Secondly I heard some rumors that Prodatron and Kangaroo got into a fight over supposedly late or insufficient payments from New Age Software for his Digitrakker Software. Also there were other rumors that BSC and Kangaroo had some disagreement on the payment. Since I knew Prodatron and BSC longer and better than Kangaroo (at that time) I trusted their judgment and thus became convinced that I shouldn't have New Age Software publish my game but rather publish it myself.

You can imagine that Kangaroo wasn't very happy about that and wanted me to reimburse him for the ads that he had put into the Computer Flohmarkt. This led to some discussion. Suffice to say that Kangaroo and I are still friends and that I didn't get rich by selling my game by myself. I never found a real French distributor, so unfortunately Chany took over that job for me...

Volcano World Secret Level
Volcano World Secret Level
In Great Britain a penpal of mine, Rob Buckley from Radical Software, took over the UK distribution of Megablasters. He sold some copies (more than I did) and in exchange I tried to sell three games from Radical Software (Fluff, Star Driver and Masters of Space) for him – though I wasn't very successful with this undertaking.

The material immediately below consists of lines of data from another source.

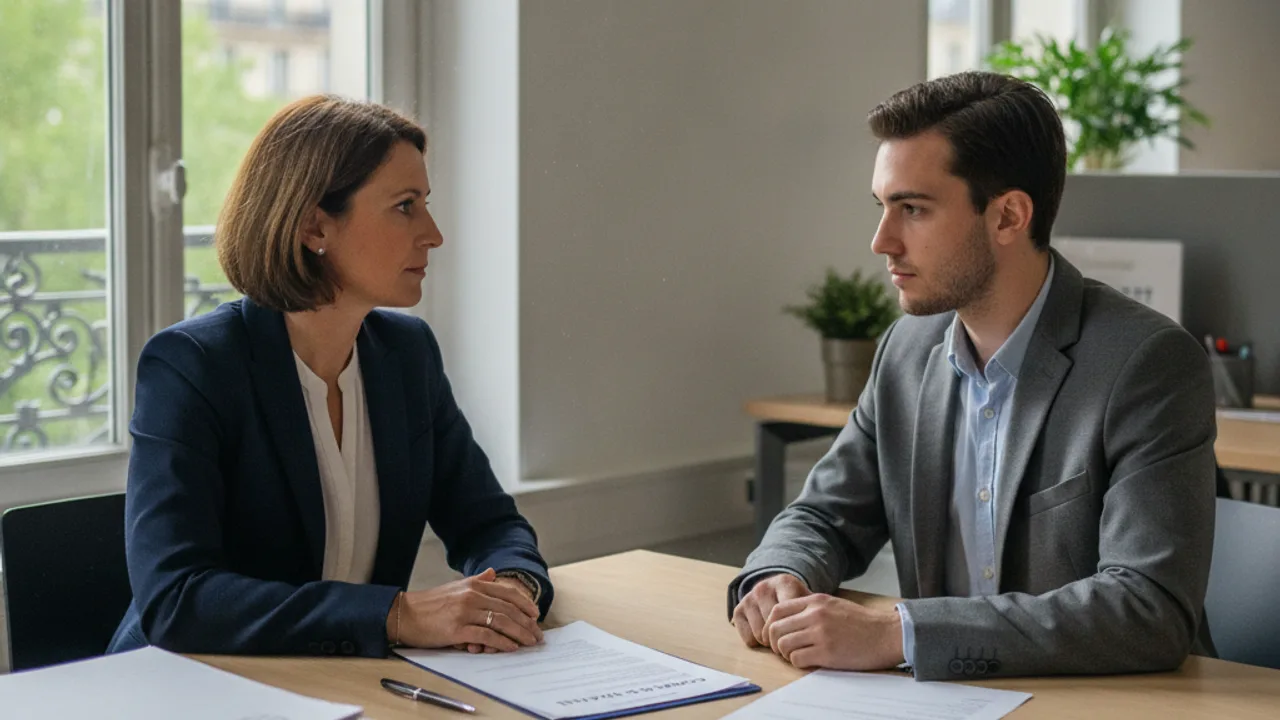Entretien entre un responsable RH et un salarié pendant la période d'essai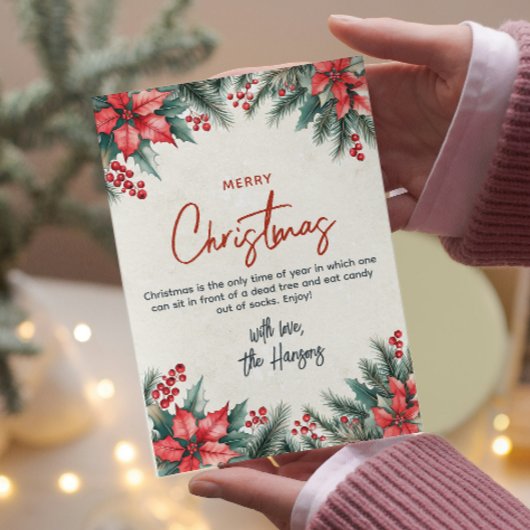 フローラと松ブランチ陽気なクリスマスカスタム シーズンカード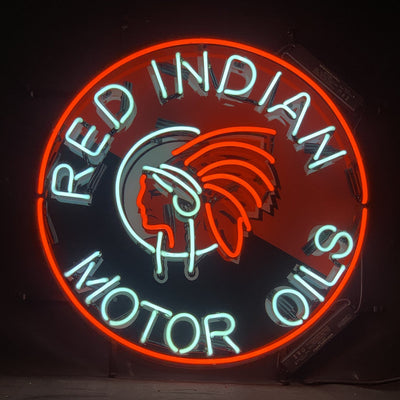 Red Indian Motor Oils Neon Sign Light by Neon Signs Land - product image 2 for Resin Society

But I'm getting ahead of myself. Before I could start to distribute the game, I needed to finish it. And from the four player battle mode it was still a long way to the finished game with 10 worlds and lots of enemies.

I hadn't yet found a graphics artist for my game and after my disagreement with Kangaroo I also had lost my music composer. A replacement for the latter was quickly found: Crittersoap, the son of Marabu from the HJT stood in for Kangaroo and composed the rest of the music for my game.

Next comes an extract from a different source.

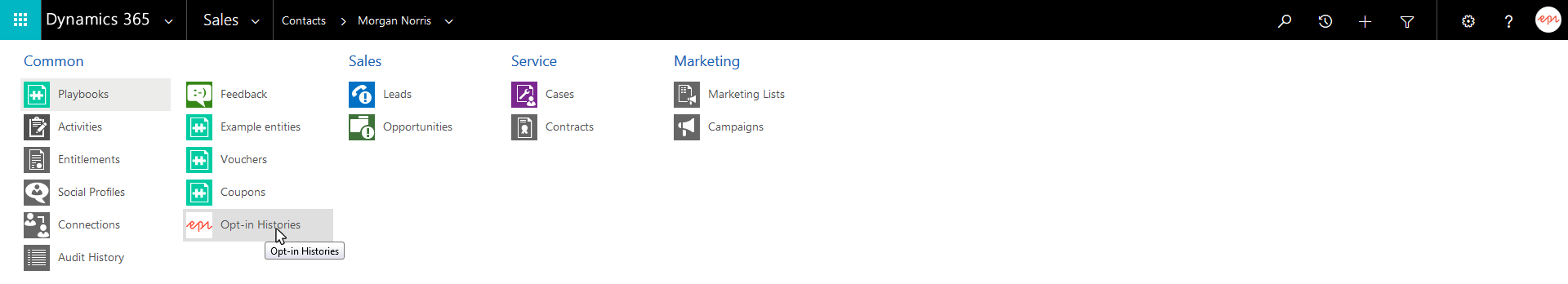 Image: Campaign opt-in history in Microsoft Dynamics menu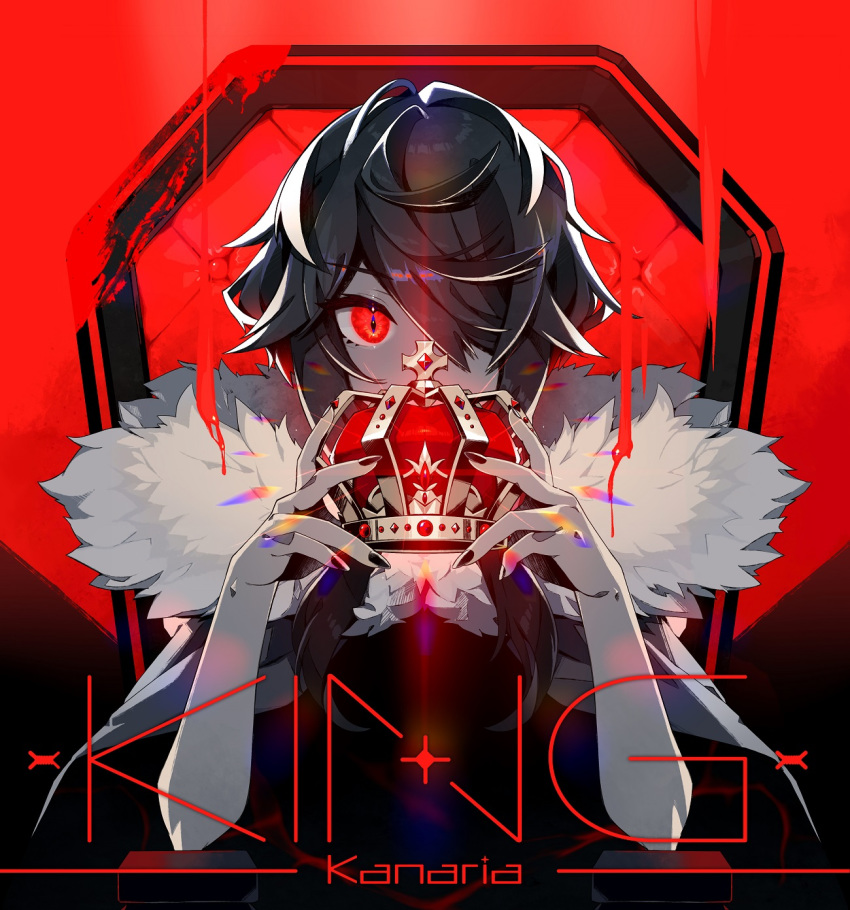 bangs cape character_request commentary_request covered_mouth crown eyebrows_visible_through_hair fur-trimmed_cape fur_trim hair_over_one_eye hands_up highres holding limited_palette looking_at_viewer nou red_eyes upper_body vocaloid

On the BENG Euromeeting 2 in Wuppertal in 1993 I found somebody who was eager to paint graphics for demos and games and was just waiting for the right offer: Rex of BENG! We just needed to talk very little and he was all ablaze with ideas for enemies, end-of-world bosses and backgrounds needed for the game.

Odiesoft intro sequence
Two screens from the Odiesoft intro sequence
After the BENG Euromeeting 2 Catloc and he (both were from Greece) stayed at my place for another 9 or 10 days and besides finishing a small intro we had begun on the Euromeeting (the Skull intro) we started to work on the details for the different worlds of Megablasters. Having returned to Greece he spent some weeks working busily on the graphics and sending me discs with new enemy graphics and some hand written scripts on the abilities of these enemies.

The “only thing” I needed to do was to create the program that would animate these enemies and give them some artificial intelligence or at least a more or less sophisticated movement scheme. That may sounds simple, but it is far from that. It took me around eleven more months to write the subroutines for all the 89 enemies, program a disc loading system (so that the game was able to reload each level from the floppy disc), design an intro and create the main menue with several options, submenus and the two hidden cheat modes.

You've failed your quest
You've failed your quest
I won't go into the details of this incredible programming effort. Suffice to say that I spent several hundreds of hours in front of my CPC to finish the program before no one was interested in it anymore – you know in 1993 a lot of people had already left the CPC and with each week some more turned their backs on this 8bit Computer. Since I wanted my game to be successful, publicly as well as comercially, I had to speed up, in order to reach as many of the remaining CPC users as possible.

After writing the routines for all the enemies and different levels I started to create the main menue, the intro and the end sequence. Writing the programs for these features wasn't much fun anymore. I was pretty burned out after creating one enemy controlling routine after the other – it was like I was an assembly line worker under a strong deadline pressure. I had the best intentions for the menu and the intro and ending sequence, but I must honestly admit that my motivation had suffered a lot and I just wanted to get done with it.

Copy protection...
Copy protection...
So I could probably have done something better than this, but not after so many months of work on one and the same project. Initially I wanted to add a hidden mini-game in the title menu – I intended to create a vector graphics conversion of the best Vectrex game ever: Minestorm. I had already started to create the graphics routines for that, but in the end the time ran out (I had scheduled the Odiesoft Party 1 as a Megablasters release party for April 1994 and the deadline was advancing quickly) and so I had to abandon this idea.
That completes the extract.